The years I covered were also “eventful” with dominant pertrubation which might have large effects for a few years. Unless there were other events that I am not aware of, year 2014 (class 2018) was the time where the publicity culminating in a student with perfect test score sued Harvard for rejecting him. The case did not seem to impact much the interests (number of self reported applications) to Harvard, but the numbers for Berkeley and UCLA almost doubled and slowly declined over the years and those were not from California but mostly from mid-west and east coast. Because of the distance normally those from east-coast are not interested in Berkeley and UCLA. Dispite the alleged large number of Asian Americans in NY Stuyvesant HS, I have two years data of their university destinations, there was only ONE that went to Berkeley and from his name he most probably has Russian ancestry. And high tide lifts all boats, there were significant but lesser surge in some other university applications. These I would speculate as the PlanB applications since the number to Harvard did not drop. %incr is the % increase from year 2013 to 2014, %AsianAm is the demographic pop %, impact is the normalized effect = %incr/%AsianAm,
Berkeley
State %incr %AsianAm Impact
Total 68.6 5.6 12.26
CA 71.1 14.9 4.77
NonCA 63.2 5.6 11.28
UCLA
Total 74.1 5.6 13.23
CA 67.8 14.9 4.55
NonCA 95.5 5.6 17.05
Harvard
Total 13.0 5.6 2.33
CA 0.0 14.9 0.00
NonCA 18.8 5.6 3.35
For Berkeley and UCLA the impact from California was small compared to that of outside CA. For Harvard the court cases did not seem to have stirred up anythin in CA. The Chinese Californians seemed to have used to the Harvard practice and submitted their applications anyway together with many other planB universities like UPenn and Cornell whose number surged up a lot.

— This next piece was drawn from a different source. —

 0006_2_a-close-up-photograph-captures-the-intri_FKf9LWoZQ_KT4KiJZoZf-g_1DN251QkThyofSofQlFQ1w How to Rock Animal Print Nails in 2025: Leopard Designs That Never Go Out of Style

This site gives what they call a selectivity index: https://www.collegeraptor.com/college-rankings/details/Selectivity They also give acceptance rate: https://www.collegeraptor.com/college-rankings/details/AcceptanceRate
So in theory you can calculate yield rate from their data.

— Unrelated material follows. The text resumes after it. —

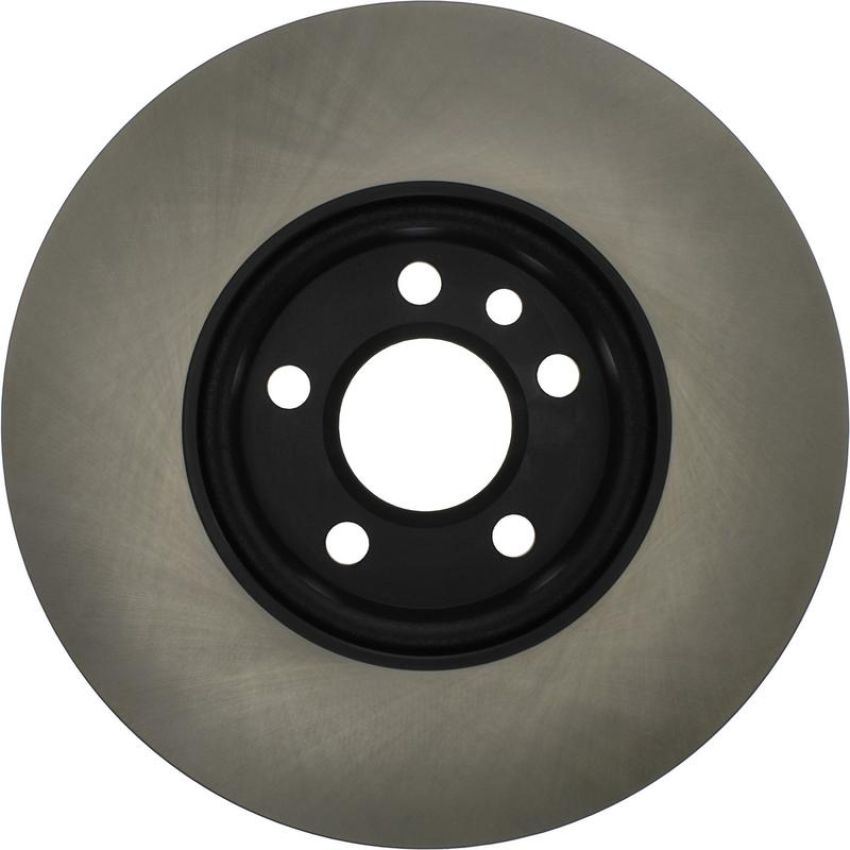 CENTRIC PARTS 125.33074 Centric Premium High Carbon Alloy Brake Rotor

The also have median est. SAT https://www.collegeraptor.com/college-rankings/details/MedianSAT
Here is how they describe their data output: To work around the top 300 display limit you can choose smaller groupings (e.g. conference, state, region). So in theory you should be able to extract all their data from the public web interface (though it would be much easier if they would give out data directly in CSV or equivalent).
If you are interested in a dry run with this data, maybe try the Ivy Group Conference. Here is the selectivity index page for that group: https://www.collegeraptor.com/college-rankings/details/Selectivity/Conference/Ivy%20Group
and acceptance rate: https://www.collegeraptor.com/college-rankings/details/AcceptanceRate/Conference/Ivy%20Group
Using that data (sorting by school name to make data entry easier) I get the following Ivy Group yield rates. I think these yield rates (just multiply the other two) are plausible (notice Harvard is the highest).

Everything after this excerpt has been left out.